--- Information Enclosed Below ---

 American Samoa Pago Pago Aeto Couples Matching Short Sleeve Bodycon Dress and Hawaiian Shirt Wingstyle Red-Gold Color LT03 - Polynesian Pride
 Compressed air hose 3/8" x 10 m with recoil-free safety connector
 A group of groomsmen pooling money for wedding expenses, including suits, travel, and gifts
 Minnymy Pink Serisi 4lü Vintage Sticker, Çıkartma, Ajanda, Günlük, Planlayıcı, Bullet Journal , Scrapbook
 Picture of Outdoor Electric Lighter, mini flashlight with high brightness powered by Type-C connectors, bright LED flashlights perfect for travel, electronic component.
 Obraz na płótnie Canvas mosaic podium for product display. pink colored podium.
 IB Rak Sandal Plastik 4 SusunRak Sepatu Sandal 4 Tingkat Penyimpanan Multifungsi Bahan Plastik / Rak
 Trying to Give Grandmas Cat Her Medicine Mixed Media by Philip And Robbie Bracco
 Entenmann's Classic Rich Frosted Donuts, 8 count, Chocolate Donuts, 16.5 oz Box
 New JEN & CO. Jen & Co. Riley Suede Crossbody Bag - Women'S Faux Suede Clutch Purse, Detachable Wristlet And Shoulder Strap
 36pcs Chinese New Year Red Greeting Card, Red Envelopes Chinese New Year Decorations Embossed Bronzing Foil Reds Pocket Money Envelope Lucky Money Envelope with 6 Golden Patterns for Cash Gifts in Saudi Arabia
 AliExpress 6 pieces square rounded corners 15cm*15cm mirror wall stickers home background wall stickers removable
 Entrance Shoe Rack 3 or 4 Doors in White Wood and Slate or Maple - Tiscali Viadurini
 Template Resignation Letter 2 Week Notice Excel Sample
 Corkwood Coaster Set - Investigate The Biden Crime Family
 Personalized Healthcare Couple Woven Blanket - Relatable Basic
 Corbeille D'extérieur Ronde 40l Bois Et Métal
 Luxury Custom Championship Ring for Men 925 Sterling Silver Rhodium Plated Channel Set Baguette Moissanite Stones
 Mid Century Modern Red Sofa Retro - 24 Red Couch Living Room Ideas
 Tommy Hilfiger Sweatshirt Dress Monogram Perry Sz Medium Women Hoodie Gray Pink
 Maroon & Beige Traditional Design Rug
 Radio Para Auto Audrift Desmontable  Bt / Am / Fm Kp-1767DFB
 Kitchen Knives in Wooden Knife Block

--- End of Enclosed Information ---

• _Problem_: Give back, word for word, only the lines from the one containing "Entenmann's Classic Rich" through the closing line of the entries.

• _Expected answer_:
 Entenmann's Classic Rich Frosted Donuts, 8 count, Chocolate Donuts, 16.5 oz Box
 New JEN & CO. Jen & Co. Riley Suede Crossbody Bag - Women'S Faux Suede Clutch Purse, Detachable Wristlet And Shoulder Strap
 36pcs Chinese New Year Red Greeting Card, Red Envelopes Chinese New Year Decorations Embossed Bronzing Foil Reds Pocket Money Envelope Lucky Money Envelope with 6 Golden Patterns for Cash Gifts in Saudi Arabia
 AliExpress 6 pieces square rounded corners 15cm*15cm mirror wall stickers home background wall stickers removable
 Entrance Shoe Rack 3 or 4 Doors in White Wood and Slate or Maple - Tiscali Viadurini
 Template Resignation Letter 2 Week Notice Excel Sample
 Corkwood Coaster Set - Investigate The Biden Crime Family
 Personalized Healthcare Couple Woven Blanket - Relatable Basic
 Corbeille D'extérieur Ronde 40l Bois Et Métal
 Luxury Custom Championship Ring for Men 925 Sterling Silver Rhodium Plated Channel Set Baguette Moissanite Stones
 Mid Century Modern Red Sofa Retro - 24 Red Couch Living Room Ideas
 Tommy Hilfiger Sweatshirt Dress Monogram Perry Sz Medium Women Hoodie Gray Pink
 Maroon & Beige Traditional Design Rug
 Radio Para Auto Audrift Desmontable  Bt / Am / Fm Kp-1767DFB
 Kitchen Knives in Wooden Knife Block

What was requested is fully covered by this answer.